Man, that slope was slippier than it looked.

Just hours after the Supreme Court ruled that gay marriage must be the law of land, Politico ran an op-ed calling for the full legalization of polygamy. Indiana doctoral student Frederick DeBoer argues that “the moral reasoning behind society’s rejection of polygamy remains just as uncomfortable and legally weak as same-sex marriage opposition was until recently.”

“Now that we’ve defined that love and devotion and family isn’t driven by gender alone, why should it be limited to just two individuals?” he writes. “The most natural advance next for marriage lies in legalized polygamy—yet many of the same people who pressed for marriage equality for gay couples oppose it.”

DeBoer agrees with Chief Justice John Roberts that the reasoning in Obergefell v. Hodges could just as easily apply to polygamous marriages as gay marriages. He notes that now that child-rearing has been rejected as the rationale for marriage, traditional arguments against polygamy have been weakened….

HotAir gets into the mix with liberal douche Sally Kohn:

Now that the courts have made a near-sweep on same-sex marriage, Sally Kohn wonders why polygamy should be any different:

Back in the early days of the lesbian, gay, bisexual and transgender movement’s push for marriage equality, this slippery slope to polygamy was pragmatically taboo. After all, arguments about gay marriage leading to polygamy were lobbed almost entirely with the purpose of derailing the gay rights agenda. And there was also something inherently offensive about making the connection, along the same lines of suggesting that gay marriage would lead to people marrying goats. …

[P]olygamy, as it generally is practiced in the United States, is a predominantly heterosexual enterprise—like heterosexuality (or the male ideal of heterosexuality) on steroids. After all, while the percentage of married women who have affairs has risen in recent decades, married men still do most of the cheating.
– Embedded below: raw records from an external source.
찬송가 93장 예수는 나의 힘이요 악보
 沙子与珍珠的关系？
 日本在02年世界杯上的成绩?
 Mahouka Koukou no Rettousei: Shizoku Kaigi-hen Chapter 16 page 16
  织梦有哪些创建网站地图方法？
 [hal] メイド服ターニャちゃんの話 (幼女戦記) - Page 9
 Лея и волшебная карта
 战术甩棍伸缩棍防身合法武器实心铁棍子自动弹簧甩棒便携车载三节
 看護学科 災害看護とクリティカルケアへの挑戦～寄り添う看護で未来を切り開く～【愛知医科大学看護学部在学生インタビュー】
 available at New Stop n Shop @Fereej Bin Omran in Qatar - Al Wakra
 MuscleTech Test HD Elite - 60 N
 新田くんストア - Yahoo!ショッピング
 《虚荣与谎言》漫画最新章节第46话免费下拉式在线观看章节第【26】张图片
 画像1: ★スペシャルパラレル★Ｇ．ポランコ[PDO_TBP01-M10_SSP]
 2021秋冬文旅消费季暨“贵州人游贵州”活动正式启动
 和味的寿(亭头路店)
Conservatives concerned about the high rate of divorce in America should stop blaming gay marriage but instead heterosexual infidelity—a prime culprit in 55 percent of divorces.

If couples want to bring cheating out of the deceitful shadows and instead incorporate it openly into their relationship—plus have more hands on deck for kids and more earners in the household in a tough economy—who are we to judge?